- **Records to use**:
============================================================
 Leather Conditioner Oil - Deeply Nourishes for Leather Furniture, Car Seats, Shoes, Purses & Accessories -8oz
============================================================
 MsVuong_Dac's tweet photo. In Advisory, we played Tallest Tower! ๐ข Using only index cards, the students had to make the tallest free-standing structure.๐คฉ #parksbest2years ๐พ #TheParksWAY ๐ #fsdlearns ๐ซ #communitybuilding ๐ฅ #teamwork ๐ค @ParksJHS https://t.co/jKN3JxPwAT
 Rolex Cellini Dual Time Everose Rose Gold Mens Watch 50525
============================================================
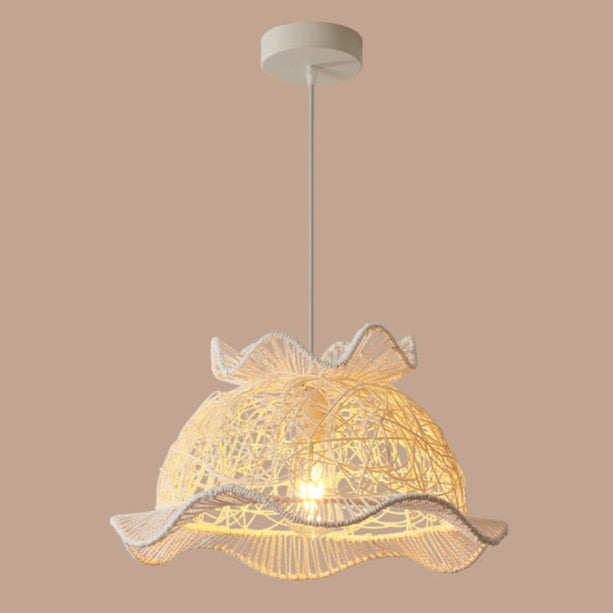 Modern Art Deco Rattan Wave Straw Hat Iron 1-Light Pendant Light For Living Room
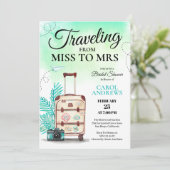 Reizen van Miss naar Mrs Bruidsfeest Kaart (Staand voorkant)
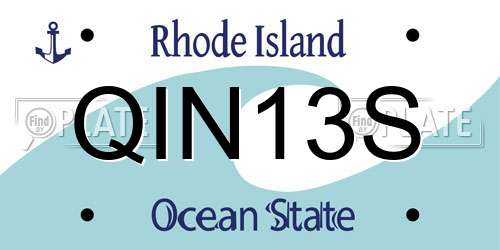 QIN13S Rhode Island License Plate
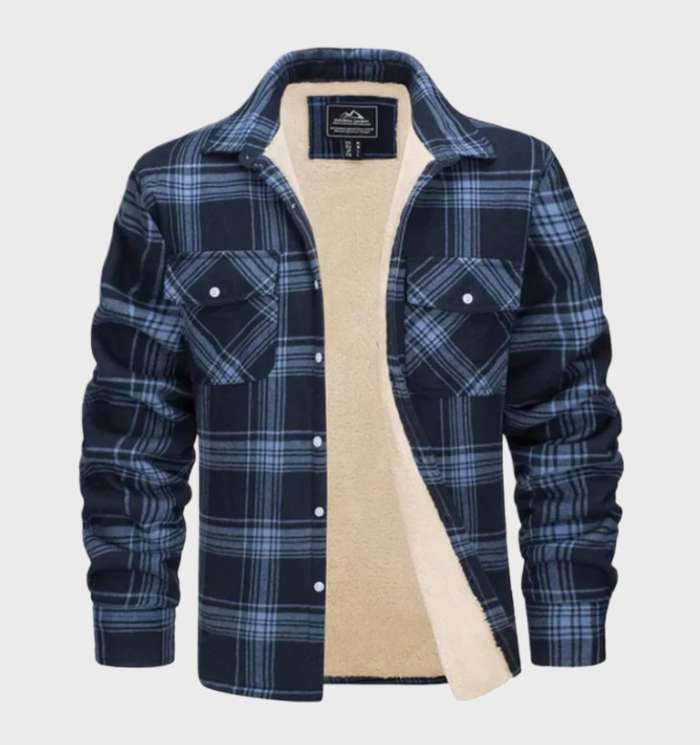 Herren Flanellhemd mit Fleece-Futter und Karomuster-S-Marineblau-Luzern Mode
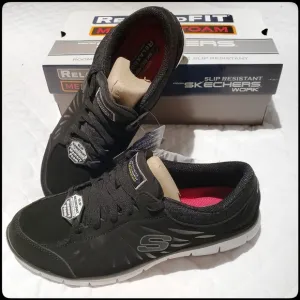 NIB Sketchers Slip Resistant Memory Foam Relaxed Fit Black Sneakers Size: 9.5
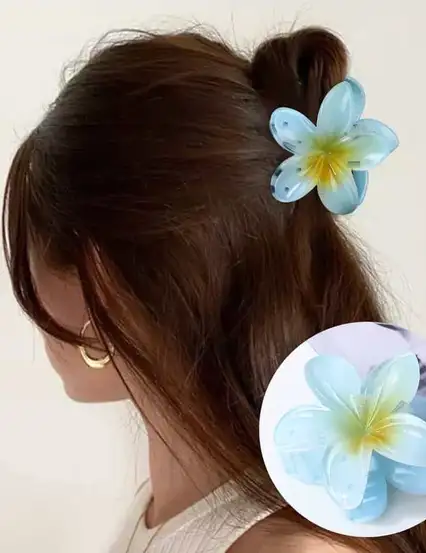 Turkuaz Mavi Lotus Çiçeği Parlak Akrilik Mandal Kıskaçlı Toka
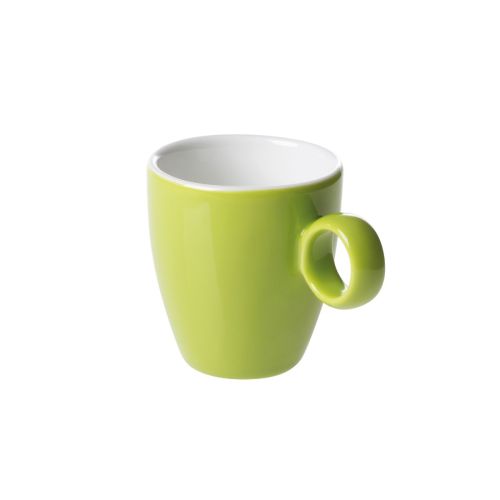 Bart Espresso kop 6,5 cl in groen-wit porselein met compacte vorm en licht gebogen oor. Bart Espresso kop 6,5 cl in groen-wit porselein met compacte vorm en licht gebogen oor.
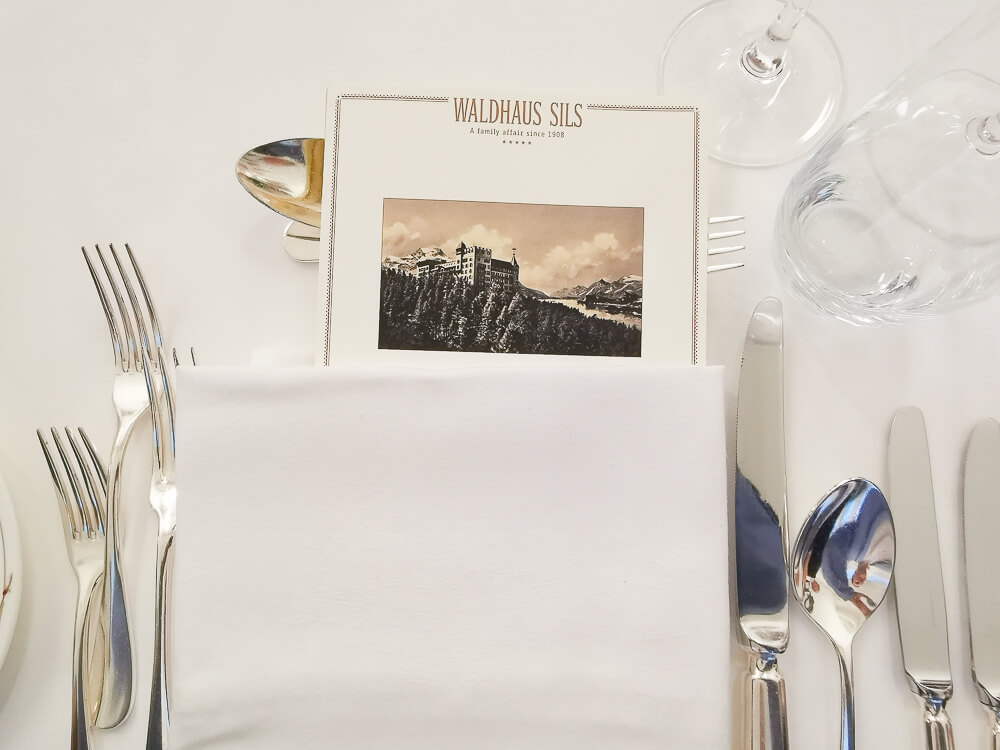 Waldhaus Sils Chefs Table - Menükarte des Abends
============================================================
- **Try it**: Give again, exactly as written above, each line from the one that has "Reizen van Miss" to the one that has "NIB Sketchers Slip", both included; omit the pictures.

- **Output below**:
 Reizen van Miss naar Mrs Bruidsfeest Kaart (Staand voorkant)
 QIN13S Rhode Island License Plate
 Herren Flanellhemd mit Fleece-Futter und Karomuster-S-Marineblau-Luzern Mode
 NIB Sketchers Slip Resistant Memory Foam Relaxed Fit Black Sneakers Size: 9.5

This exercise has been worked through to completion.